++++ DATA TO EXAMINE ++++

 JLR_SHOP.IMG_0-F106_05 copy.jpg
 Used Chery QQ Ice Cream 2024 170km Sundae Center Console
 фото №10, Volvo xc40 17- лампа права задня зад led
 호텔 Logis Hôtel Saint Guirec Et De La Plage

++++
++++ DATA TO EXAMINE ++++

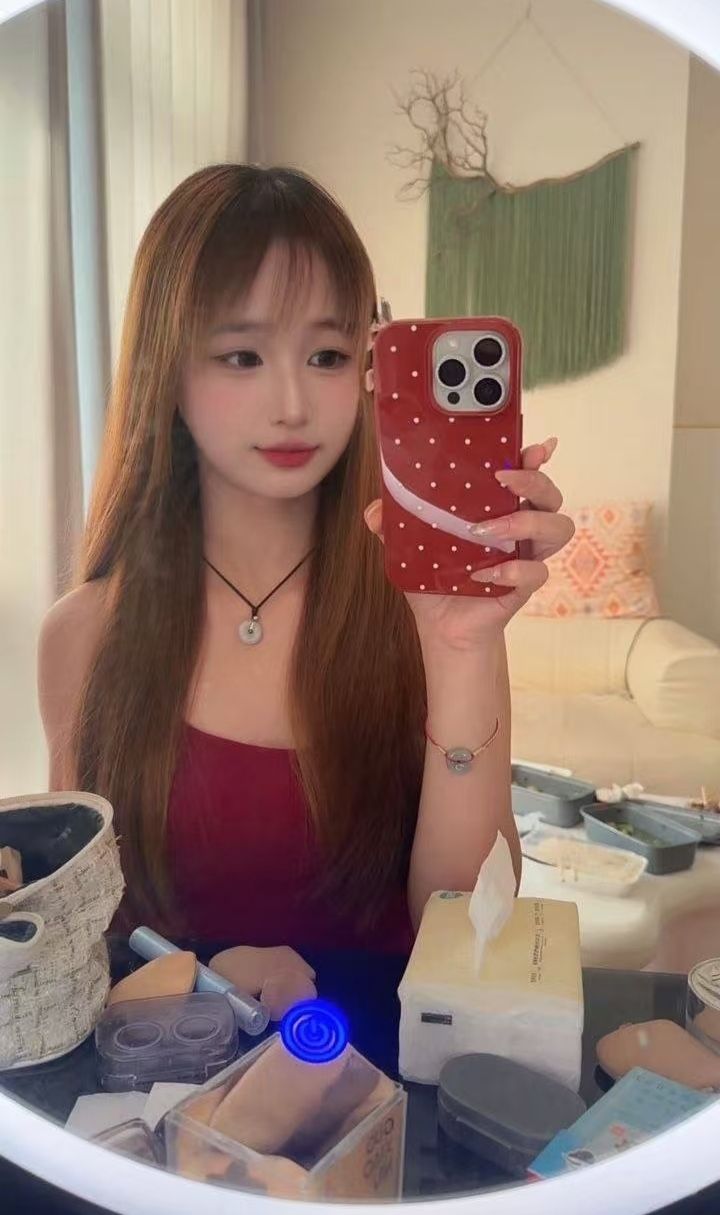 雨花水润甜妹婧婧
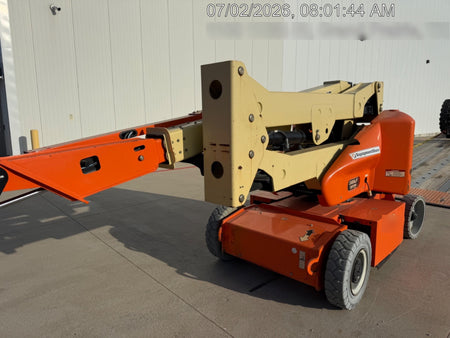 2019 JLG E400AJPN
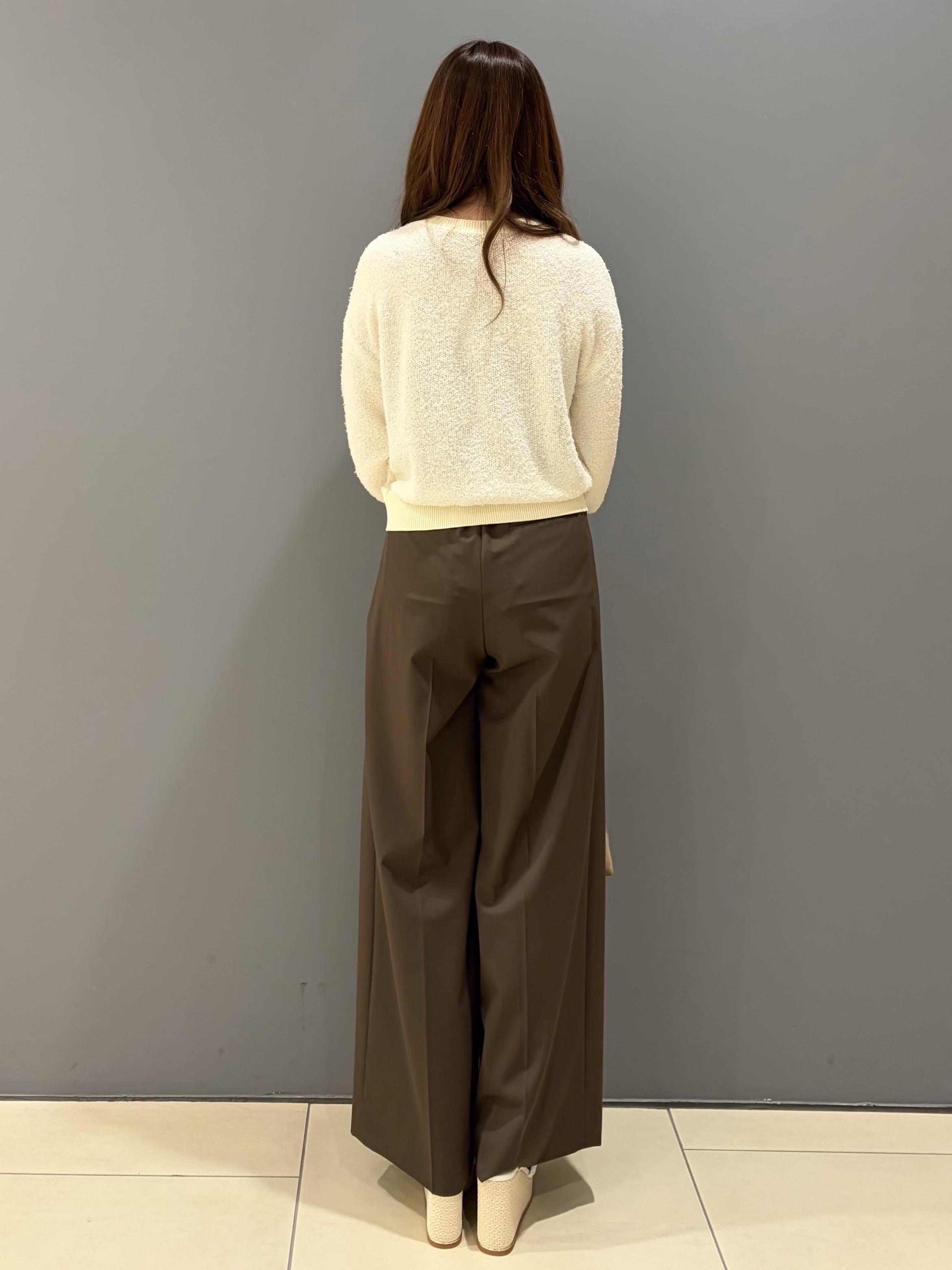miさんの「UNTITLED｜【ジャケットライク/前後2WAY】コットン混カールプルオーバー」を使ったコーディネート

++++

DIRECTIONS FOR THIS TASK
Please transcribe exactly the lines above from the line that has "JLR_SHOP.IMG_0-F106_05 copy.jpg" up to and including the line that has "호텔 Logis Hôtel Saint Guirec Et De La Plage"; no other line belongs in the answer.

ANSWER TO THIS PROBLEM
 JLR_SHOP.IMG_0-F106_05 copy.jpg
 Used Chery QQ Ice Cream 2024 170km Sundae Center Console
 фото №10, Volvo xc40 17- лампа права задня зад led
 호텔 Logis Hôtel Saint Guirec Et De La Plage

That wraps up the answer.